Fabien Roussel (; born 16 April 1969) is a French politician who has served as national secretary of the French Communist Party (PCF) since 2018. He was elected to represent the 20th constituency of the Nord department in the National Assembly in 2017. Roussel was a candidate in the 2022 presidential election in which he placed eighth in the first round.

Early life
From a family of activists, Fabien Roussel is the son of Daniel Roussel, former journalist at L'Humanité. After he finished high school in Champigny-sur-Marne, in the Paris region, he graduated from the Journalists Development Centre (CPJ). He began his career as an image reporter at the Ardennes regional branch of television channel France 3. One of his paternal great-grandfathers was a Spanish refugee who died after being interned in the Vernet camp.

Early political career
During his high school years, Fabien Roussel engaged in the Mouvement Jeunes Communistes de France (MJCF) to denounce the apartheid in South Africa and demanded the release of Nelson Mandela. He also participated in major demonstrations against the Monory law and Devaquet bill, related respectively to employee shareholding and university organisation.

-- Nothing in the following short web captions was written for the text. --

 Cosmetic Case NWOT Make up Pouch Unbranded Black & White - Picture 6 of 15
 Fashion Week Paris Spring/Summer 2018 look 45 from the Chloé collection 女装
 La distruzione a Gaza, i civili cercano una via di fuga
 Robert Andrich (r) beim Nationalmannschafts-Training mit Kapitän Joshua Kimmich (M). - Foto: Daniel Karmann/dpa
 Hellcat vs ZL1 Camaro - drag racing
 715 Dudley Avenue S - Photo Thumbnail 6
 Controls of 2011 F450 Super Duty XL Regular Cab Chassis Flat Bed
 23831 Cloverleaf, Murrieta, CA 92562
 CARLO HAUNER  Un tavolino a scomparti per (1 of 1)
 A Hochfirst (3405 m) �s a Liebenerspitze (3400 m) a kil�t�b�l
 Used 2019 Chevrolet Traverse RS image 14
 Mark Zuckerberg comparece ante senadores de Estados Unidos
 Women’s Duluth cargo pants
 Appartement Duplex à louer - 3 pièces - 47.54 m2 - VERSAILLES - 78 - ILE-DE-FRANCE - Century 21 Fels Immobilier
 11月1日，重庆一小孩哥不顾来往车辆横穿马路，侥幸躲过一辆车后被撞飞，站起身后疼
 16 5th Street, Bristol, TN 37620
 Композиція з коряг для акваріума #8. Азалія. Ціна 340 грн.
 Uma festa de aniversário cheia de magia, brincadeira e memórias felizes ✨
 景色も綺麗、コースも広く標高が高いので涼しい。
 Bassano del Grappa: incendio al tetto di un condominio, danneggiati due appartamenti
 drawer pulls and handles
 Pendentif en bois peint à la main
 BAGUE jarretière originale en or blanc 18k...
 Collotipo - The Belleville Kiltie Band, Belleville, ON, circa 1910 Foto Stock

From 1997, he was advisor in charge of communication for Communist Michelle Demessine, then Secretary of State for Tourism under Prime Minister Lionel Jospin. He then worked for Jean-Jacques Candelier and Alain Bocquet.

Political career
In 2017, Roussel was elected to succeed Bocquet as the Member of Parliament for the 20th constituency of Nord as a member of the French Communist Party. He became party leader in 2018.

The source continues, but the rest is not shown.